In
1956 a group of nine Russian hikers, mostly college students at Ural
Poly-technical Institute, died under mysterious circumstances while
camping in winter on the side of Holatchahl Mountain. Their deaths have
been commonly referred to the Dyatlov Pass Incident which is derived from the name of the leader of the group Igor Dyatlov.
I had heard about the Dyatlov incident before and even had watched a
documentary on it and a movie that was partly based on the story. Most
of what you read on the internet about Dyatlov is conspiracy theory and
borders on the absurd. When there is an absence of information about an
interesting story that void will often be filled with wild conspiracy
theories and the Dyatlov story is no different. People have floated
theories that aliens killed the hikers, the government was behind it,
local tribesman or escaped convicts murdered them or that one of the
group members went into a jealous lover's rage and did it. I had always
felt that science one way or another would come to solve this mystery
and that seems to be so.
The book I chose to read about this was Dead Mountain: The Untold True Story Of The Dyatlov Pass Incident (2013) by author Donnie Eichar. Ok, don't let that awful title that reads like a crappy made for television movie on Lifetime
dissuade you from this book because it is fairly thorough and
interesting. Eichar isn't the greatest writer and the book shakily
begins talking too much about himself but it improves as it goes along.

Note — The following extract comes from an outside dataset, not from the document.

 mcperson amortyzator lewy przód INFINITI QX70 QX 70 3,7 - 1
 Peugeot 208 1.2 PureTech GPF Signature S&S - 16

So if you can get beyond the narcissism there is a good story here.
The book does a well at explaining how and by whom the investigation was
conducted and it also does well at putting the time in which this
incident took place into context with the government of Nikita
Khrushchev.
This book provides a look into the backgrounds of the hikers and
explains at how well prepared they were to take on the challenge of
winter hiking in the Ural mountains. I learned from reading this that I
had a few things in common with the leader of the group Igor Dyatlov,
we both loved photography, hiking and radio communications. It was nice
to learn about the hiking club at the university and the levels of
hiking classification it offered to members. I do wish it had gone more
into the Mansi people but that might have been too much of a diversion for the book so there is something for me to learn about on my own I suppose.
The book does come to its own conclusion as to what happened to the hikers that night on the mountain. The theory he postulates is one that involves meteorology. With help from NOAA scientists in the United States and a friend of the author in Russia they suggest that infrasound and a Karman vortex street as a result of the landscape and weather that night is what compelled the hikers to abandon the safety of their tent and die as a result. The treeless dome shaped mountain with wind blowing over and downsloping over it created twin vortices which resulted in infrasound. That infrasound had negative consequences on the hikers in their tent with a low humming sound that caused confusion, panic, possible physical pain and forced them out of the tent into the cold night. Some died from hypothermia and some died from a combination of falling into a ravine injuring themselves with broken bones and hypothermia.
The theory presented is a believable scenario and one I find as a most credible theory that is based on science to explain the mystery of the Dyatlov Pass Incident. I would trust proven scientific theory or a conspiracy theory every time.